Google workers vow to fight firings of activist co-workers

Four Google employees, named the “Thanksgiving Four” by the Tech Workers Coalition, were fired Nov. 25. Engineers Rebecca Rivers and Laurence Berland had already been suspended for “allegedly accessing and sharing data without permission.” Their co-workers maintain management was retaliating against them for organizing against workplace inequities and actively opposing policies of the company, especially its collaboration with Immigration and Customs Enforcement.

Some 200 Google employees and other tech workers rallied in San Francisco on Nov. 20, calling for the reinstatement of Rivers and Berland — who risked their livelihood to act in keeping with their pro-worker and humanitarian principles. Three days later, bosses fired Rivers, Berland and two other employees. The multibillion-dollar company’s goal: to crush worker organizing.

Google executives hired IRI Consultants, a union-busting law firm. Around  the same time, the company made it a “fireable offense to even look at certain documents.” said Google Walkout for Real Change. It was “an excuse to retaliate against organizers. With these firings, Google is ramping up its illegal retaliation against workers engaged in protected organizing. This is classic unionbusting dressed up in tech industry jargon. We won’t stand for it!” (Twitter, Nov. 25)

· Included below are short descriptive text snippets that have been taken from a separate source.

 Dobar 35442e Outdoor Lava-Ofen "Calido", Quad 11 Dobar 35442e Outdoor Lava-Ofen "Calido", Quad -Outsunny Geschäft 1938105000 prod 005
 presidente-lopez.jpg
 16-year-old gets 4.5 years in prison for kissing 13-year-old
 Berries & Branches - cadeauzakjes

Stop systemic racism and sexism!

Last year, 20,000 workers walked off the job on four continents Nov. 1 in the coordinated “Google Walkout for Real Change” to protest multimillion-dollar payouts to male executives found culpable of sexual misconduct. Going even further, the organizing committee objected to the company’s rampant racism, sexism and discrimination, and expressed solidarity with vendors as well as contract and temporary workers, many of them African-American, Latinx, immigrants and lower-paid workers.

After the walkout, Google management reformed some practices regarding sexual harassment complaints, but would not make other changes. Since then, the company has carried out a campaign of intimidation intended to stifle workers from speaking out and organizing against workplace inequities. It curbed what political topics could be discussed at work, even online. There were reprisals against key walkout organizers, forcing out longtime employee Claire Stapleton and artificial intelligence researcher and ethicist Meredith Whittaker. Others left too.

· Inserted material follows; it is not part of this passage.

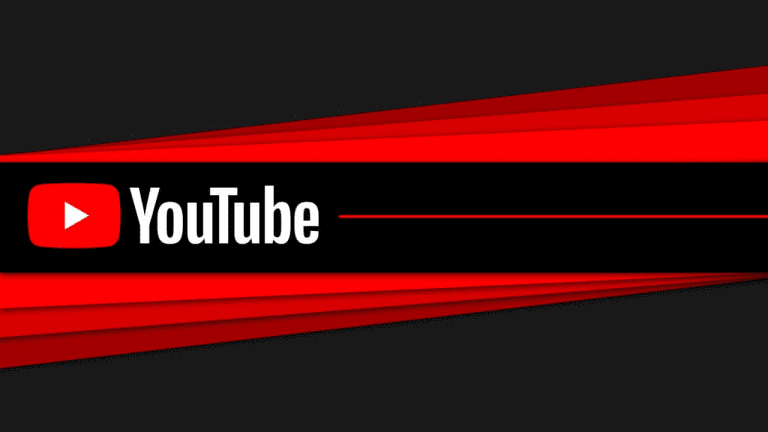 YouTube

Recently, bosses canceled the weekly all-employee meetings to stop staff questioning of and vocal opposition to company practices. Meanwhile, workers found out about an internal tracking tool put on their web browsers — a blatant invasion of privacy. The so-called “open” culture at Google became rife with intimidation, censorship and suspicion, say employees. There are reports of retaliation, especially against women and LGBTQ+ workers. Two of the fired employees are transgender.

The scare tactics, restrictions on internal speech and dissent, hiring of an anti-union law firm and now the firings reflect management’s alarm about — and steps to curtail — the upsurge of worker activism. Employees are increasingly demanding their rights and seeking to ensure that their labor is used for ethical purposes.

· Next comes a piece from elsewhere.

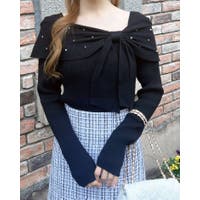 INGNI （イング）のその他/その他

Google workers have also objected to company exploitation of subcontracted workers, mishandling of sexual misconduct charges, contracts with the Pentagon to develop technology to streamline drone attacks, work for fossil fuel corporations and collaboration with ICE. In August, 1,500 Google employees signed a petition, created by Rivers, opposing the company’s signing a contract with ICE, citing its “human rights abuses.”

Workers call for solidarity

Amr Gaber, another walkout organizer, charged on Twitter that bosses fired the four workers because they alerted co-workers about company complicity with ICE and the Border Patrol in separating migrant families and caging children. He said instead of “reversing course on child abuse and human rights violations, Google has chosen to punish the brave people who are standing up for themselves and others.”

Gaber stressed: “I, and several others, are not willing to accept this. If we don’t [unite] to make our voices heard, then Google’s divide-and-conquer strategy will be complete. There will be no one to oppose the racist, sexist, precarious and climate-ending future that Google is steering and massively profiting from.” He said Google’s attempt to silence its workforce won’t succeed, because “the boss knows we have power when we stick together.”

Walkout organizer Stephanie Parker epitomized many workers’ attitudes on Twitter: “I’m still here, still fighting, and not afraid.”

Google workers strongly assert: “For every one they retaliate against, there are hundreds of us who will fight. Together we will win! One of the most powerful companies in the world wouldn’t be retaliating against us if collective action didn’t work.”